Basket Pic July 30, 2009


Went into the forest with my son to pick some mushrooms. I had picked a few the previous evening, so I knew the pickings were good. High summer means bugs, so it is best to harvest soon after a rain. The basket contains Golden Chanterelles, and various Boletes and Lactarius. The day before included what you see here, plus some Beefsteak Polypore. I need to cook and eat these tonight, as tomorrow we're headed to coastal North Carolina. In NC we'll be digging clams and netting shrimp. Summer is bountiful.

2 comments:

Anonymous said...

How can you be so sure???? When I lived in Germany people did this as well. But now its very very scary.

riburr said...

You never eat a mushroom you don't know to be safely edible. The mushrooms pictured in the basket are edible, most are delicious. I know this from experience and research.

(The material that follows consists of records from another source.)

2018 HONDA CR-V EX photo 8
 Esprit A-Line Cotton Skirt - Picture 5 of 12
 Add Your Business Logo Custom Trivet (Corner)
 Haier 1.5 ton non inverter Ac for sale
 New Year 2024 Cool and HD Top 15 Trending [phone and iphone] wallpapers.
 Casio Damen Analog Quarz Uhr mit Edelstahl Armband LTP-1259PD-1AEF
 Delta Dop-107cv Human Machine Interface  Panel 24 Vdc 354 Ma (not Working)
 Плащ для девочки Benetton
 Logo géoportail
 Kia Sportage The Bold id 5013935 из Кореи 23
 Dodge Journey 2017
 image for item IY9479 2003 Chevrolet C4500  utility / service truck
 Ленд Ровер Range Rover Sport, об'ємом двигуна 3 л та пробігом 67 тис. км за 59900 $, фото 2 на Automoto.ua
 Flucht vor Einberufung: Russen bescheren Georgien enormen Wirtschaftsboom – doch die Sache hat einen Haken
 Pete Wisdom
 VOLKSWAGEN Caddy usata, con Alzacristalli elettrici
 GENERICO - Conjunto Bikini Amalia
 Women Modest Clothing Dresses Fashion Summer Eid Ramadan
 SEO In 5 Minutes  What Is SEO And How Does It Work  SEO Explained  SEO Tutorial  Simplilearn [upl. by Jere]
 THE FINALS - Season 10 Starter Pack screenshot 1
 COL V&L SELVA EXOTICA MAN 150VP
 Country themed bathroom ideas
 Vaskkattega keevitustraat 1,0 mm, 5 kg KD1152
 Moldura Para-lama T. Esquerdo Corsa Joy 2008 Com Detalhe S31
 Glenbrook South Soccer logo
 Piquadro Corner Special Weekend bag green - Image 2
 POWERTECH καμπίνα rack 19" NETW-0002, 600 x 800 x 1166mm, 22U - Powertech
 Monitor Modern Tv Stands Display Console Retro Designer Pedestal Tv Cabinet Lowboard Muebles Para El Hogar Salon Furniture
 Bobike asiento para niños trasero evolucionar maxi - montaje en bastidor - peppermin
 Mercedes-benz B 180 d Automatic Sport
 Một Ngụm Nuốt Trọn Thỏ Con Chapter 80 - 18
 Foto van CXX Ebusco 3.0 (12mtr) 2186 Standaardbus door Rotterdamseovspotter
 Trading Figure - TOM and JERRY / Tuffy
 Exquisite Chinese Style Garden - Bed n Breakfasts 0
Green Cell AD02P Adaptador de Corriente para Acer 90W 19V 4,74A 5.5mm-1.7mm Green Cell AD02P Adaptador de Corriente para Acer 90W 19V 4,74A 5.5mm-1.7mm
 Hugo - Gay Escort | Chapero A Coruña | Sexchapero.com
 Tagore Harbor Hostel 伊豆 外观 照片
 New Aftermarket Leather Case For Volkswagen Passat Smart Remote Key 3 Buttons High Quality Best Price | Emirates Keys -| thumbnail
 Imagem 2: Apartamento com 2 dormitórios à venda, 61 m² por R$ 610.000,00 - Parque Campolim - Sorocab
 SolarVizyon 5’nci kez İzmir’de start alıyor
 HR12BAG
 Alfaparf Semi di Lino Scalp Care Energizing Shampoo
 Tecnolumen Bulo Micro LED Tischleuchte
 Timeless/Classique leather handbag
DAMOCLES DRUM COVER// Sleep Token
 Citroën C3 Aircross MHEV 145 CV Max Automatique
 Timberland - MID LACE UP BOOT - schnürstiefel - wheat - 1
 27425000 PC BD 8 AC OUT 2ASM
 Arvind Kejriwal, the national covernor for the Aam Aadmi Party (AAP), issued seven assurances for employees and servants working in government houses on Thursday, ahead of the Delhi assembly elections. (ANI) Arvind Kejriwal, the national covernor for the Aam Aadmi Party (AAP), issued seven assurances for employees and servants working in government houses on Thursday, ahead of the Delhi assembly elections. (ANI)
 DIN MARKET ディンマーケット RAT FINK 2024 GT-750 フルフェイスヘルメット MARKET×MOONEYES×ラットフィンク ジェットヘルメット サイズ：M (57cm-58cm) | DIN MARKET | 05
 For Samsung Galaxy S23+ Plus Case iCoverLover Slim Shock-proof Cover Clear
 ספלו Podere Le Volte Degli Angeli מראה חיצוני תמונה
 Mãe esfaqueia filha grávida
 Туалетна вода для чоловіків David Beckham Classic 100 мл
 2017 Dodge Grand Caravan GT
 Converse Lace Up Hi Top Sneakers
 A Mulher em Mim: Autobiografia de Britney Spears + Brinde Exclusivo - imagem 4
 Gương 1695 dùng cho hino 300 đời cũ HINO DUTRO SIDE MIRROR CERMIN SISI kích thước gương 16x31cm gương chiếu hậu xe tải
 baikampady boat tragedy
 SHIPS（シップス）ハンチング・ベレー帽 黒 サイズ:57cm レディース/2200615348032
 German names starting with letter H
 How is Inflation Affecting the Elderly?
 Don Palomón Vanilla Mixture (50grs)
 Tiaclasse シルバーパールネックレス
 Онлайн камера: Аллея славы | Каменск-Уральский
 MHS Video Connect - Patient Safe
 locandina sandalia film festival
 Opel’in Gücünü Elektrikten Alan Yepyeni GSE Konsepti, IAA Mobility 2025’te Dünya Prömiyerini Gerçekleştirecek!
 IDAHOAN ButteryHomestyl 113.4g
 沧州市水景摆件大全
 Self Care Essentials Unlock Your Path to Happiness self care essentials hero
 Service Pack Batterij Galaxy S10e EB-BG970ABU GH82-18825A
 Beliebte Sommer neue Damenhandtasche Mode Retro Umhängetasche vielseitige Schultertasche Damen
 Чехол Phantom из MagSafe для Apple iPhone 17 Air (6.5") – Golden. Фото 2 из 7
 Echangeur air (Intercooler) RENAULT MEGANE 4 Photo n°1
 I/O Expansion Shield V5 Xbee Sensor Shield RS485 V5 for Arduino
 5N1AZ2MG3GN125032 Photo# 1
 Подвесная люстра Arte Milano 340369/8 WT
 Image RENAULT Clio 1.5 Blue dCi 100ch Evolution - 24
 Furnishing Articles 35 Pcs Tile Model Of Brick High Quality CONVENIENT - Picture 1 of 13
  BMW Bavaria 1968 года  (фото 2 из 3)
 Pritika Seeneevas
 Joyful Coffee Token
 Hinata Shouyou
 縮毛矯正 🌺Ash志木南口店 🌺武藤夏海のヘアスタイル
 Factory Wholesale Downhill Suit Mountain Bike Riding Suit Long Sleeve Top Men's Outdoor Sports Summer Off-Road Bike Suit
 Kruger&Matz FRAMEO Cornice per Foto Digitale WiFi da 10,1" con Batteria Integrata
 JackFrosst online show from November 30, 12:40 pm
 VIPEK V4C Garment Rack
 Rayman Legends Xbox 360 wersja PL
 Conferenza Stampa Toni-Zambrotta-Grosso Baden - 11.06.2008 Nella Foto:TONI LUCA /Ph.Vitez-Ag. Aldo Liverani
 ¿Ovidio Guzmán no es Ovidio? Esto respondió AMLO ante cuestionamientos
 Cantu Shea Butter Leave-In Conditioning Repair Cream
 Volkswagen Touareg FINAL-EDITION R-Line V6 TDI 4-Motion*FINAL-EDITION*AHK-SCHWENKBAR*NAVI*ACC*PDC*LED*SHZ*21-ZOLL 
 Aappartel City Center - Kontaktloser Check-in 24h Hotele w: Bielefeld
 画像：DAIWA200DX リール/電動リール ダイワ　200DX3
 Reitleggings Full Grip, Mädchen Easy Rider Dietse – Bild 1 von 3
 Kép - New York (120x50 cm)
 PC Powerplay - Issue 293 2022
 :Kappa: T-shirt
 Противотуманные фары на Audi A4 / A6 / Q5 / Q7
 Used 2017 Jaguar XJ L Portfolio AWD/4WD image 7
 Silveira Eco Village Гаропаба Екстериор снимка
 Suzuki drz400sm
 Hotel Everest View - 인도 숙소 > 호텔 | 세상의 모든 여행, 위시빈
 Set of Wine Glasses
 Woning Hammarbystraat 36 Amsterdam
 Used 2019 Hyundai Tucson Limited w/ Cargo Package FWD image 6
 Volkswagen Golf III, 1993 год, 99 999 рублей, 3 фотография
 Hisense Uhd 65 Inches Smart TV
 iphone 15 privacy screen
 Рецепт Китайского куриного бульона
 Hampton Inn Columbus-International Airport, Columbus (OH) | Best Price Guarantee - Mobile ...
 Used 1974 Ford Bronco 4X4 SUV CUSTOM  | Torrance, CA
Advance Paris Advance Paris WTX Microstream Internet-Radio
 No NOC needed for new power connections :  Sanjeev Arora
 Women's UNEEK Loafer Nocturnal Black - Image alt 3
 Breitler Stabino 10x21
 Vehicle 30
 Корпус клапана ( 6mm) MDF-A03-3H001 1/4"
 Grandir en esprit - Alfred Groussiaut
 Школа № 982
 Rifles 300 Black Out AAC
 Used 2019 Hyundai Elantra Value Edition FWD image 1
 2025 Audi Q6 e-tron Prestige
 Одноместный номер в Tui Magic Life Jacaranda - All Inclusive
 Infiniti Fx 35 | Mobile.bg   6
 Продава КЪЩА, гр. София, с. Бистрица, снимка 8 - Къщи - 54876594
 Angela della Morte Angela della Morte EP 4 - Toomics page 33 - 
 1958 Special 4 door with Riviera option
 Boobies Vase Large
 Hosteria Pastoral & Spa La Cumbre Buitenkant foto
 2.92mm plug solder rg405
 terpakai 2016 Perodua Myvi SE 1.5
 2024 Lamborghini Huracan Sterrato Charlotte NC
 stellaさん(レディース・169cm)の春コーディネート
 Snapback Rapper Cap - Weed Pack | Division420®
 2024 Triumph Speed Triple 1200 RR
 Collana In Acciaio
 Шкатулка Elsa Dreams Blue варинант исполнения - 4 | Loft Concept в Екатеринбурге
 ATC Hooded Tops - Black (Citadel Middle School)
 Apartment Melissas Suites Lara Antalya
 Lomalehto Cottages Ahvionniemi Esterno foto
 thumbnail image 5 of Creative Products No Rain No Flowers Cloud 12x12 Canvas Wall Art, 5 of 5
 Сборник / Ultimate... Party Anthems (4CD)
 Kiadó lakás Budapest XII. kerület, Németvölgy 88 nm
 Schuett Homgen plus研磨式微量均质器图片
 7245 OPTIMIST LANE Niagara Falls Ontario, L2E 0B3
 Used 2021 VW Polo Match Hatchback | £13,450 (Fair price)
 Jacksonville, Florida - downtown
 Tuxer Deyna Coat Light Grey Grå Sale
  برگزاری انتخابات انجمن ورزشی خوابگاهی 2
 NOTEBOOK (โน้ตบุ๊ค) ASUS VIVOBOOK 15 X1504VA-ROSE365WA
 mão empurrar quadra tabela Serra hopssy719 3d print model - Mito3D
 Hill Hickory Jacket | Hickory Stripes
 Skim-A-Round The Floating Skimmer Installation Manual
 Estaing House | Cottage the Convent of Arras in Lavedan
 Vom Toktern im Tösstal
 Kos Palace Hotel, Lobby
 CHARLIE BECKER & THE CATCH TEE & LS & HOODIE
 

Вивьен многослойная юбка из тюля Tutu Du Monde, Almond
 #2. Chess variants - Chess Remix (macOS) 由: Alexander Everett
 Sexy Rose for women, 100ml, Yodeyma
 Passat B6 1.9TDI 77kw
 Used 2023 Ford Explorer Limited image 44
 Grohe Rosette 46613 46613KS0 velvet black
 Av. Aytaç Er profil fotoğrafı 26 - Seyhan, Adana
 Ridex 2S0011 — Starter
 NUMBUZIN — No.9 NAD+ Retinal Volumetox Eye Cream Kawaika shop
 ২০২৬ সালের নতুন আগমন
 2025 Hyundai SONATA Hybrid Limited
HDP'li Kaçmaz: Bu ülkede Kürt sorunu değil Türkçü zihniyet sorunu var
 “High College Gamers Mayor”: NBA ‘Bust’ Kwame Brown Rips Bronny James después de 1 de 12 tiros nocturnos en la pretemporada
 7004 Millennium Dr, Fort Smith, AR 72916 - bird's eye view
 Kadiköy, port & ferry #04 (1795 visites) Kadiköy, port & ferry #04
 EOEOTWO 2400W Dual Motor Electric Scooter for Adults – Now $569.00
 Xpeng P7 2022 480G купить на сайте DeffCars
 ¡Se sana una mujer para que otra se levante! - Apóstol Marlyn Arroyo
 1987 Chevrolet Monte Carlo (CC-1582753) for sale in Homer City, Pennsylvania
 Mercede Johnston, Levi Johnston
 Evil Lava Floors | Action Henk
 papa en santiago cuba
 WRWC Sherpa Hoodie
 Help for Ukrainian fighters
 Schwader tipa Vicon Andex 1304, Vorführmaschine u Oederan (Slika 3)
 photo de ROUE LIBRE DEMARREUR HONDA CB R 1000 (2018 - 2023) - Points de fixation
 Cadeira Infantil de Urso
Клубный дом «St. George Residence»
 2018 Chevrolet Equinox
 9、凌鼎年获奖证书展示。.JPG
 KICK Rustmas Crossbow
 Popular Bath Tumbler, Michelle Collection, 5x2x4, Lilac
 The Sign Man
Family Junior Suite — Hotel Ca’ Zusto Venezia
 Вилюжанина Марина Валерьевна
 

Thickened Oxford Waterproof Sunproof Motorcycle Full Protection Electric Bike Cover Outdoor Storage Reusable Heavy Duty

Some of the individual mushrooms shown (Boletes) I had no experience with. But, as a family they are generally recognized as safe, with only a very few species being slightly poisonous. And, the ones in the basket do not share characteristics with the poisonous few.

Confidence to distinguish safe from harmful comes with experience. Experience also instructs when to exercise caution. After several years of careful foraging and sampling you *know* what is safe and what is not. If there is any question at all about a mushroom's safety, you don't eat it.

Collecting mushrooms for the kitchen table is regionally specific. The knowledge you have from collecting mushrooms in Germany doesn't apply to the mushrooms you find in Virginia. People have been sickened or killed by confusing mushrooms known to be safe in one country with a similar-looking poisonous species in another country or region.

It may take several years practice before you can confidently collect safe mushrooms for the kitchen. Some people never venture beyond easily identified Morels, if they go that far.

It helps if you live in an area where mushrooms are plentiful. Practice comes easily when I can walk out the front door and pick many, many different species from my yard.